**Directions for this task**
Please find the line that holds "Image result for AIDS-Defining Illness" below and reproduce it, along with every line after it through the end, exactly and without pictures.
Data to use Start Marker
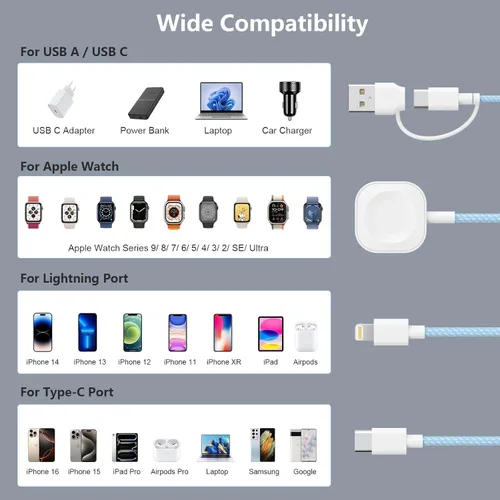 Vista 7 de Travel Essentials - Cable de carga 3 en 2 para cargador de Apple Watch, cargador de iPhone, cable de carga rápida USB C compatible con iWatch Series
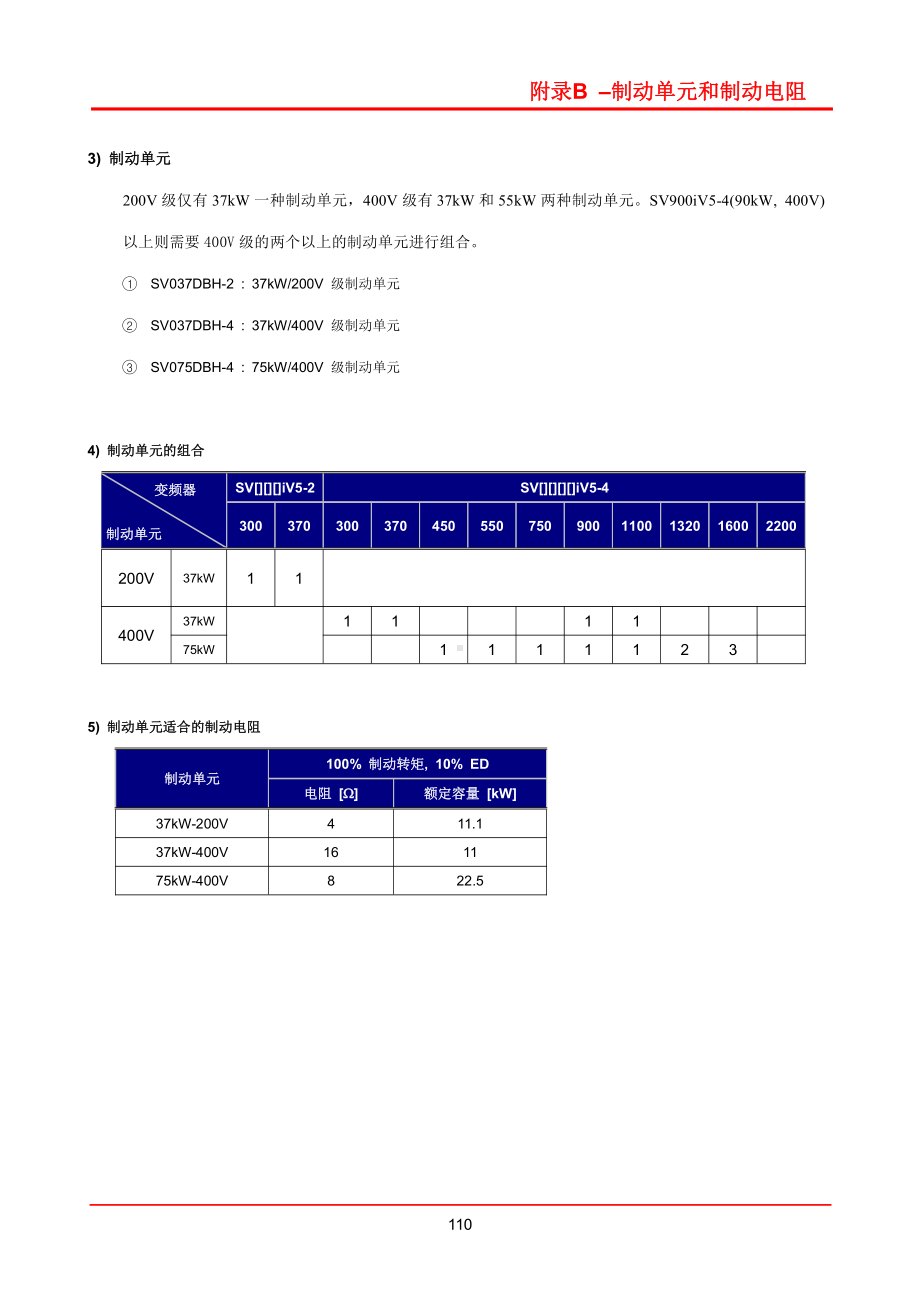 Appendix-B.doc_第2页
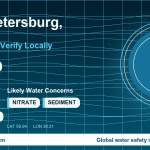 Water safety profile for Saint Petersburg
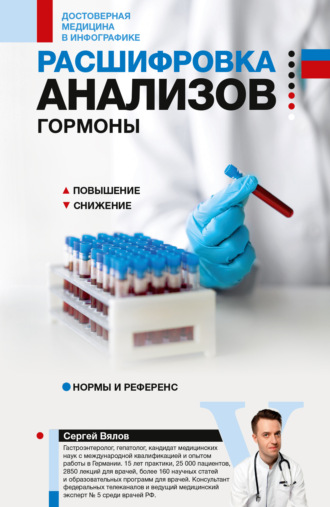 Расшифровка анализов: гормоны. 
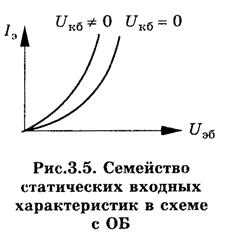 Статические характеристики - student2.ru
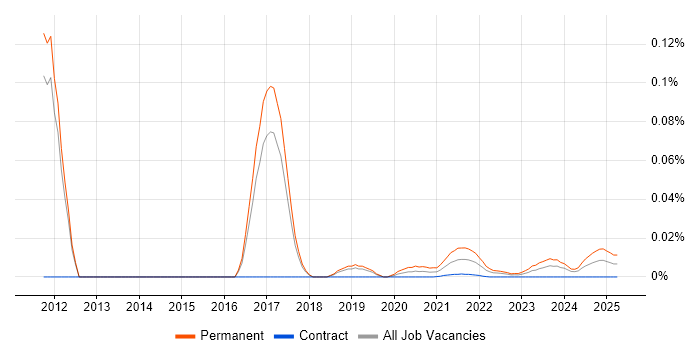 QA Team Leader trend for jobs with Hybrid/Remote/WFH options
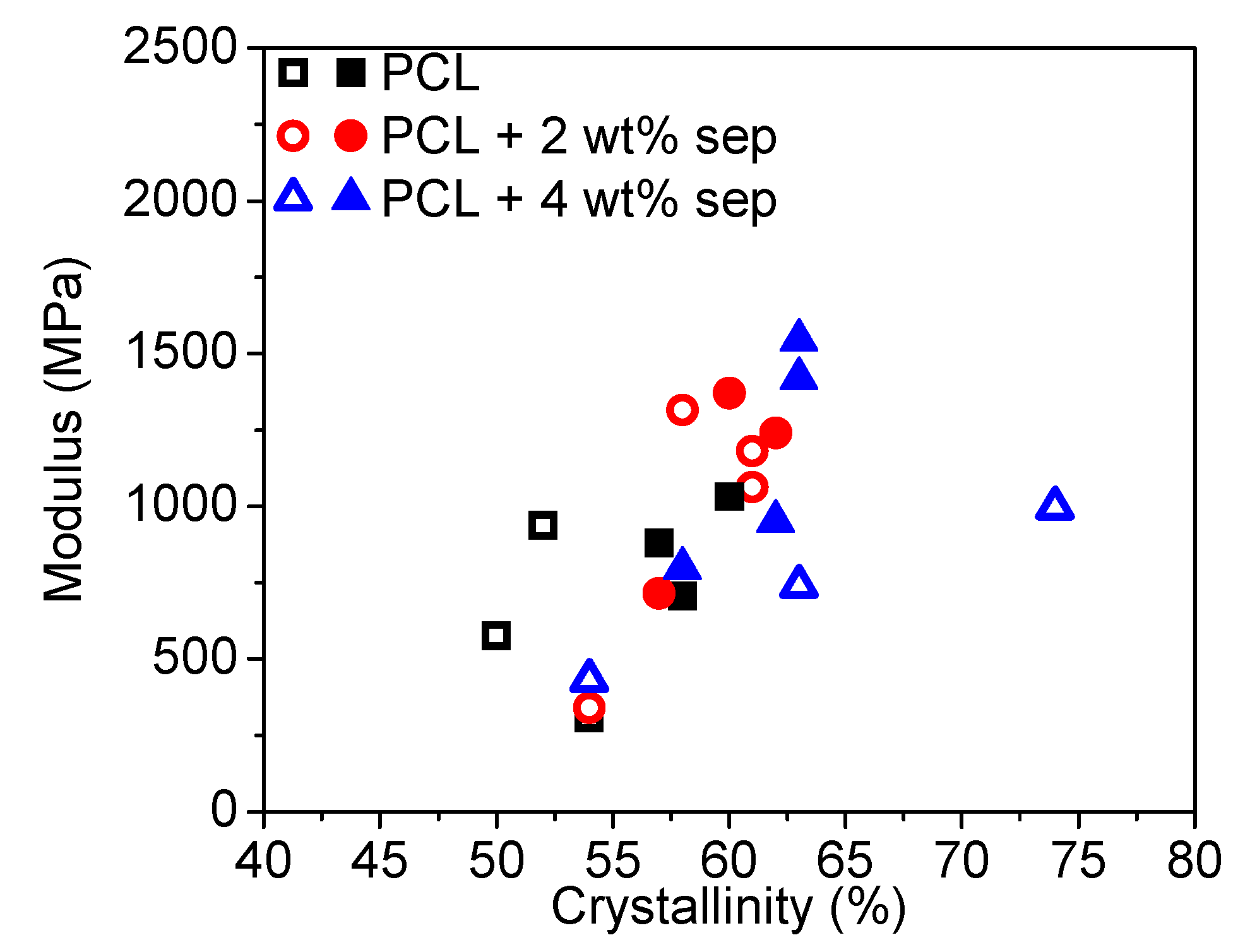 Fibers 08 00070 g014 Fibers 08 00070 g014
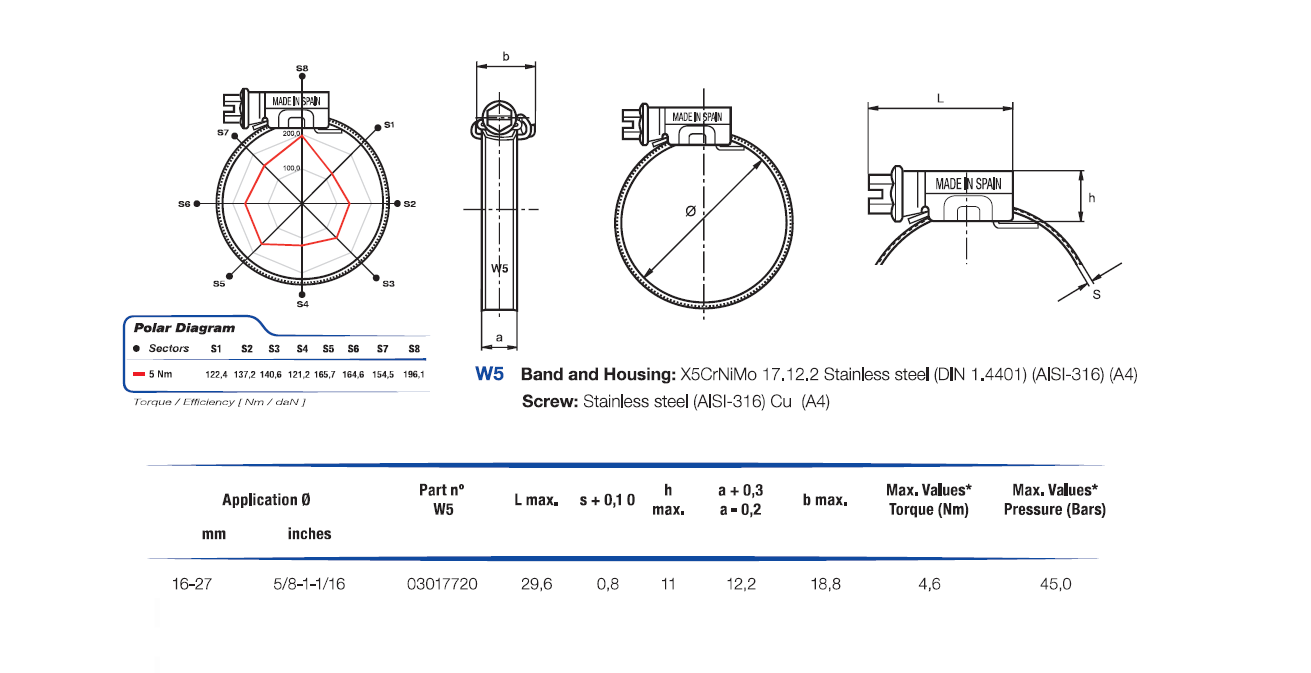 Complete hose clamp, acid proof stainless steel, Diameter range: 16-27mm, T= 0,8mm, torque= 4,6Nm, Load class= Medium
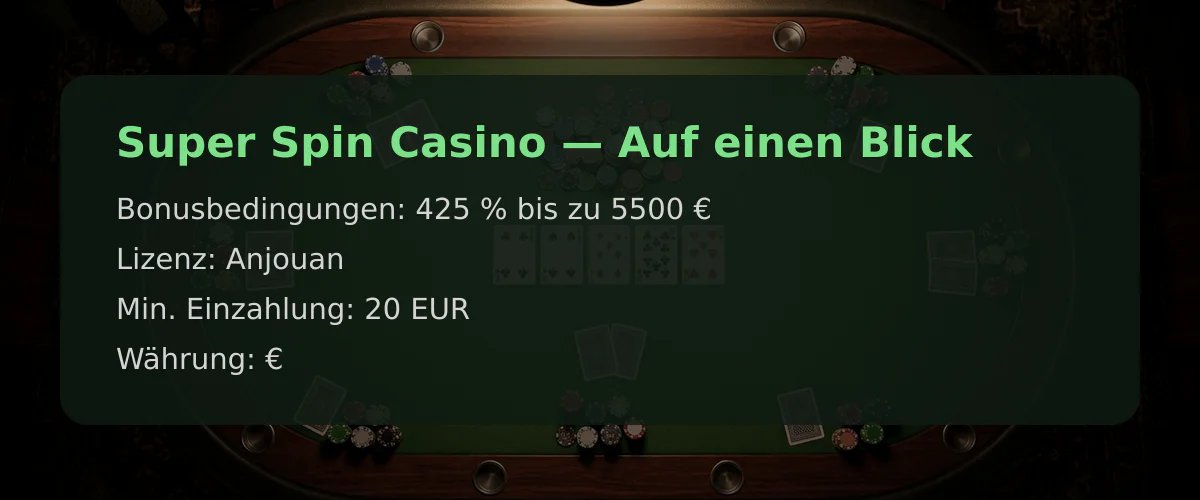 Super Spin Casino — Auf einen Blick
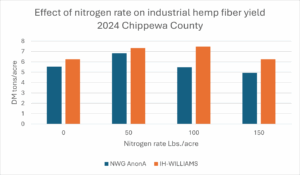 Effect of nitrogen rate on yield 2024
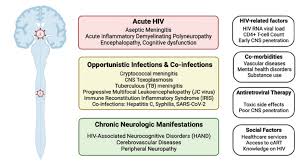 Image result for AIDS-Defining Illness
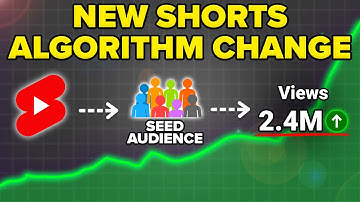 YouTube Shorts Algorithm Update Explained for 2025 (Hacks to Get MORE Subscribers FAST)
Data to use End Marker
**Exercise output**
 Image result for AIDS-Defining Illness
 YouTube Shorts Algorithm Update Explained for 2025 (Hacks to Get MORE Subscribers FAST)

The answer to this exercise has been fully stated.